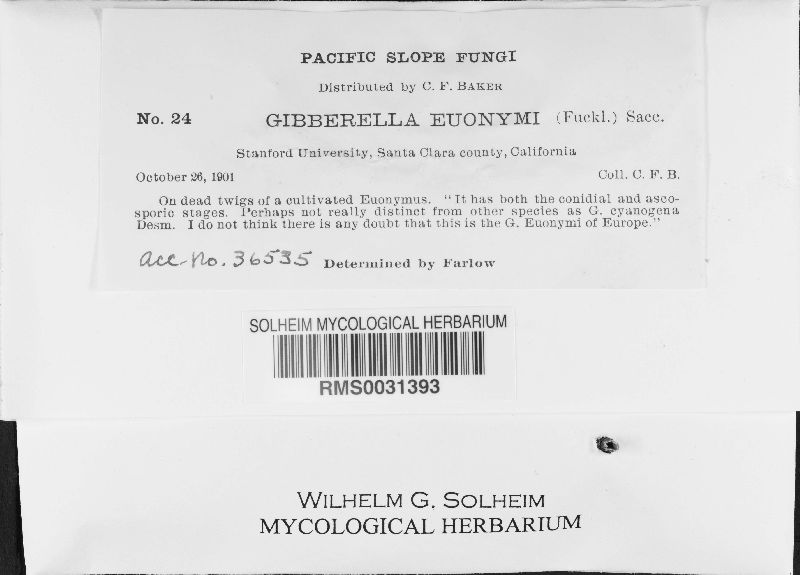 Gibberella euonymi image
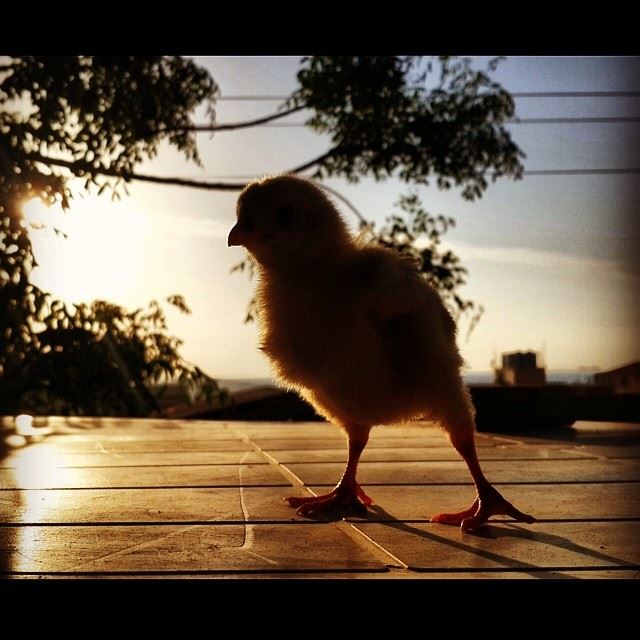  baby  chick  cute  sky  skyporn  sun  southlebanon  lebanon  shadow ...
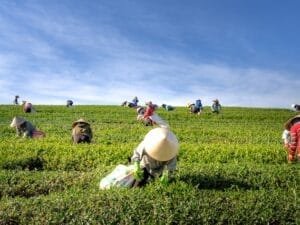 pexels-quang-nguyen-vinh-2131784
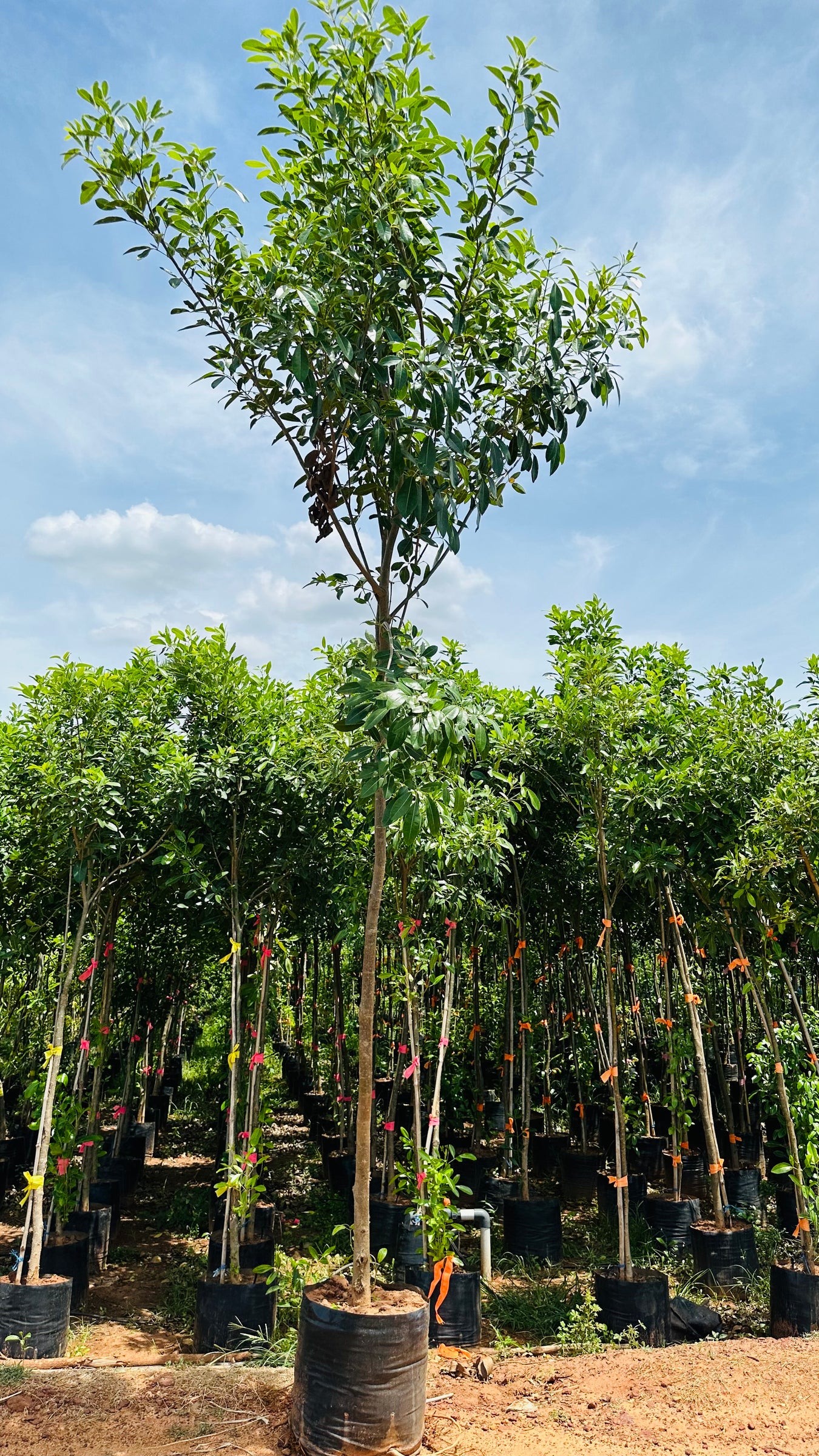 Tabebuia Rosea Plant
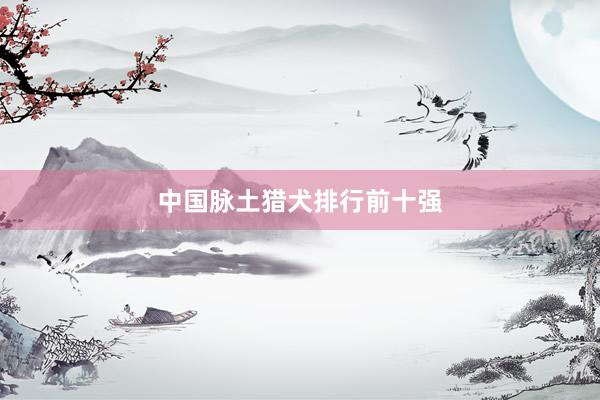 中国脉土猎犬排行前十强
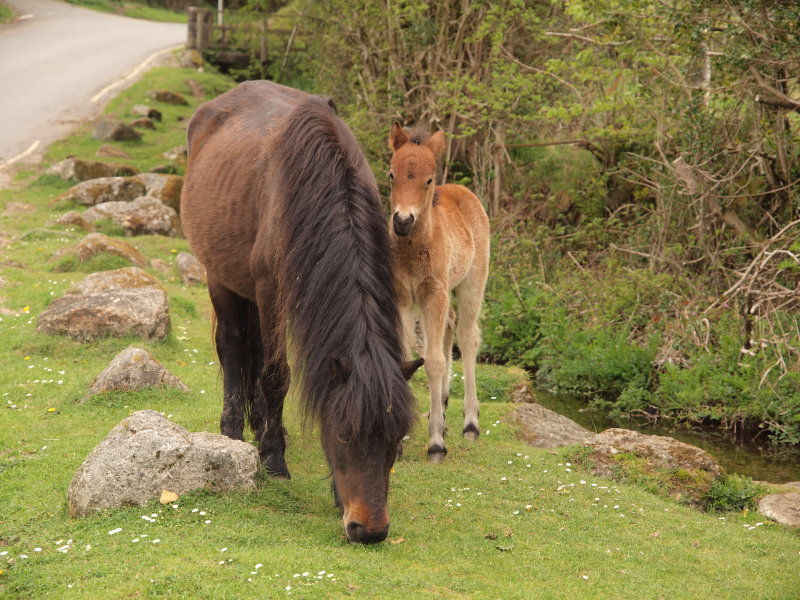 WILD PONY & FOAL ON DARTMOOR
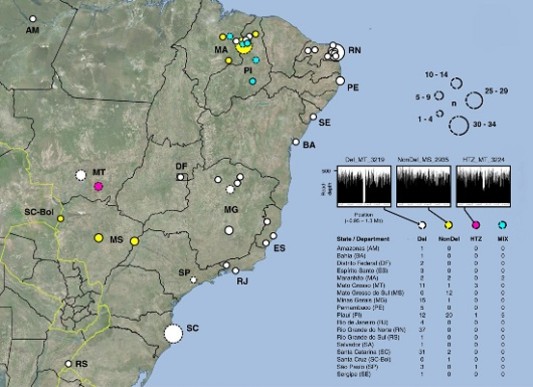 Mapa do Brasil mostrando as cidades com casos da doença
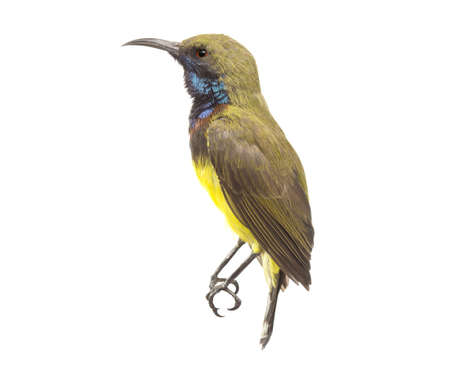 Olive-backed sunbird, Yellow-bellied sunbird; isolate on White Backgroundの写真素材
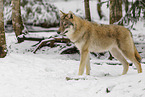 grey wolf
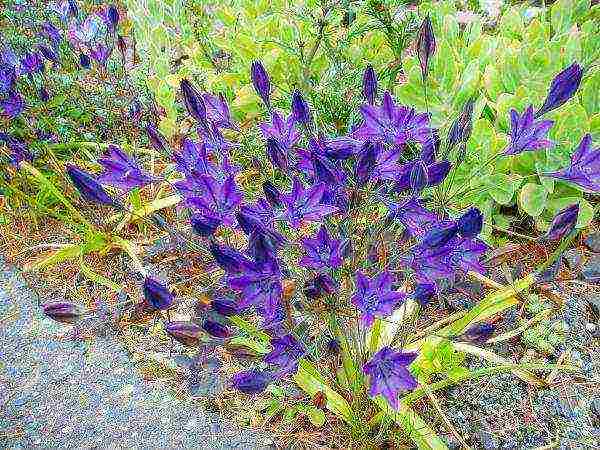 tritelia fabiola planting and care in the open field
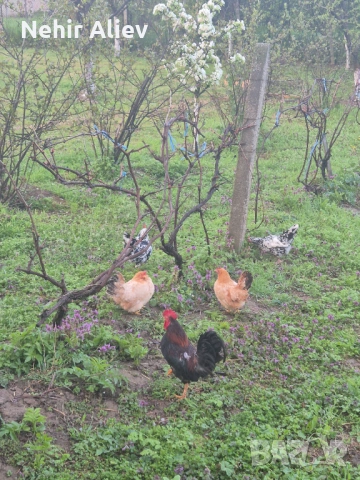 Продавам млади кокошки и петли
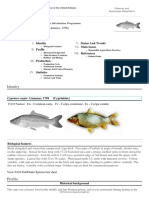FAO Fisheries & Aquaculture - Cultured Aquatic Species Information Programme - Cyprinus Carpio (Linnaeus, 1758)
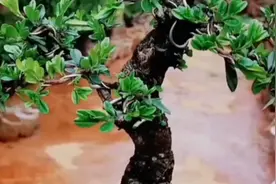 盆景如何养根增粗枝条视频封面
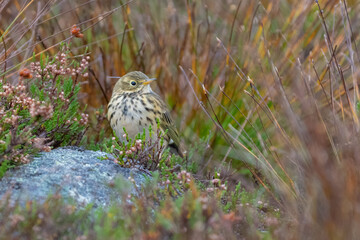 Meadow pipit (Anthus pratensis) perches on a rock in the grass, Cairngorms, Scotland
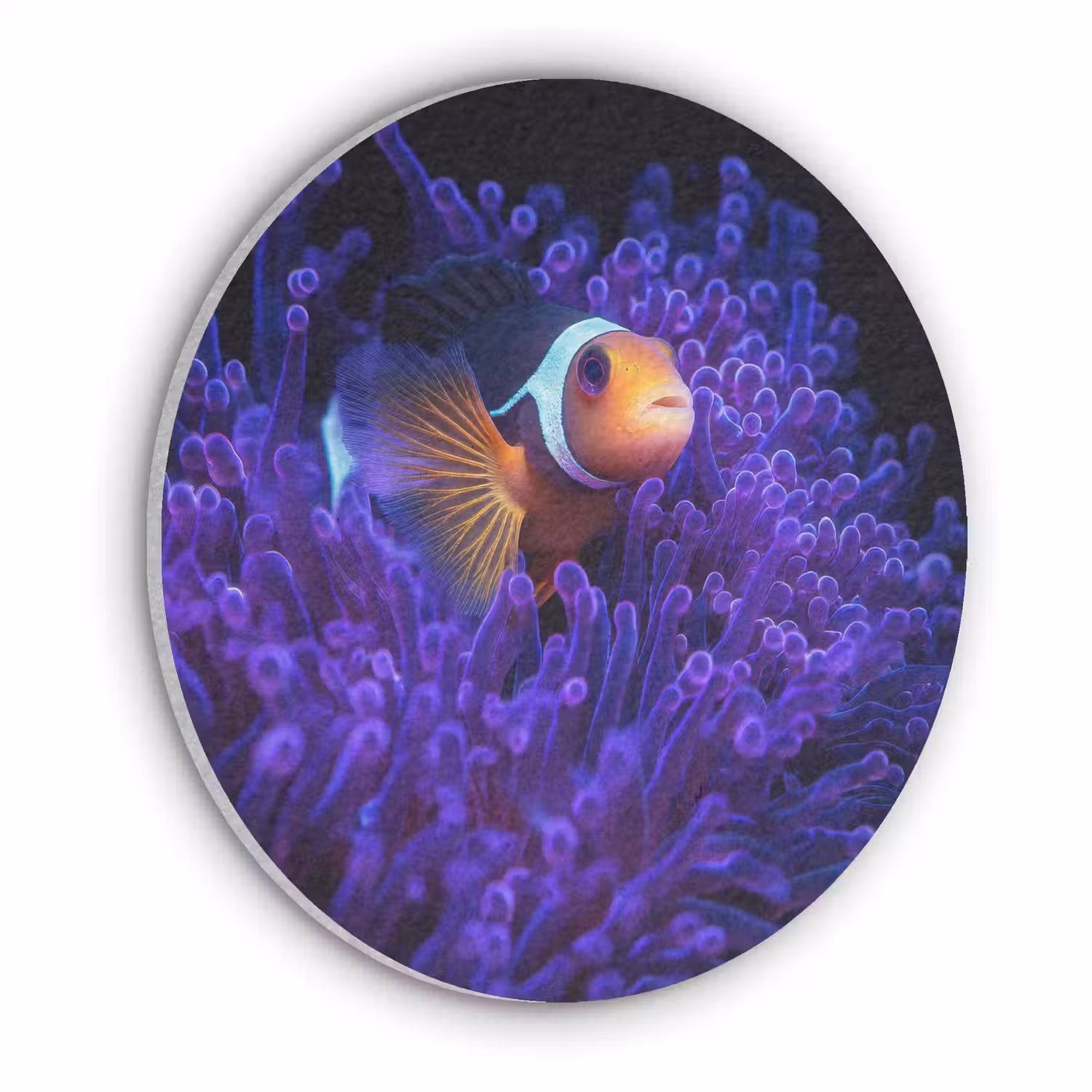 Koraal - Vis - Oranje - Zee Akoestische PET Vilt - Rond klein -3d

+ + + +

• **Assignment**
Make an exact copy of every record, pictures excluded.

• **Response box**
 Gibberella euonymi image
  baby  chick  cute  sky  skyporn  sun  southlebanon  lebanon  shadow ...
 pexels-quang-nguyen-vinh-2131784
 Tabebuia Rosea Plant
 中国脉土猎犬排行前十强
 WILD PONY & FOAL ON DARTMOOR
 Mapa do Brasil mostrando as cidades com casos da doença
 Olive-backed sunbird, Yellow-bellied sunbird; isolate on White Backgroundの写真素材
 grey wolf
 tritelia fabiola planting and care in the open field
 Продавам млади кокошки и петли
FAO Fisheries & Aquaculture - Cultured Aquatic Species Information Programme - Cyprinus Carpio (Linnaeus, 1758)
 盆景如何养根增粗枝条视频封面
 Meadow pipit (Anthus pratensis) perches on a rock in the grass, Cairngorms, Scotland
 Koraal - Vis - Oranje - Zee Akoestische PET Vilt - Rond klein -3d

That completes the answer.